== TASK PROMPT ==
Lines from the top of the entries through the line that has "斑块状副银屑病与银屑病的区别 斑块状副银屑病与银屑病的区别是什么" must be duplicated exactly, and no others.

== DATA SUPPLIED ==

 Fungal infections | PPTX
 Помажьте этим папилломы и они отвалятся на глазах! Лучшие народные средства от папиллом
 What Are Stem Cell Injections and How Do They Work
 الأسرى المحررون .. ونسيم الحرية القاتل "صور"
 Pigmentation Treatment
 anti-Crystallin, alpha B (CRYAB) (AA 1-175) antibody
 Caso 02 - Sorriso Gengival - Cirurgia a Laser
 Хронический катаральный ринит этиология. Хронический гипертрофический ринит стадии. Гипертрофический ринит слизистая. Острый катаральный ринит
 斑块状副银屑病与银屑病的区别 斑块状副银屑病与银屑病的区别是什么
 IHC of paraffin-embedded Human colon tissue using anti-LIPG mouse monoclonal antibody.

== TASK RESULT ==
 Fungal infections | PPTX
 Помажьте этим папилломы и они отвалятся на глазах! Лучшие народные средства от папиллом
 What Are Stem Cell Injections and How Do They Work
 الأسرى المحررون .. ونسيم الحرية القاتل "صور"
 Pigmentation Treatment
 anti-Crystallin, alpha B (CRYAB) (AA 1-175) antibody
 Caso 02 - Sorriso Gengival - Cirurgia a Laser
 Хронический катаральный ринит этиология. Хронический гипертрофический ринит стадии. Гипертрофический ринит слизистая. Острый катаральный ринит
 斑块状副银屑病与银屑病的区别 斑块状副银屑病与银屑病的区别是什么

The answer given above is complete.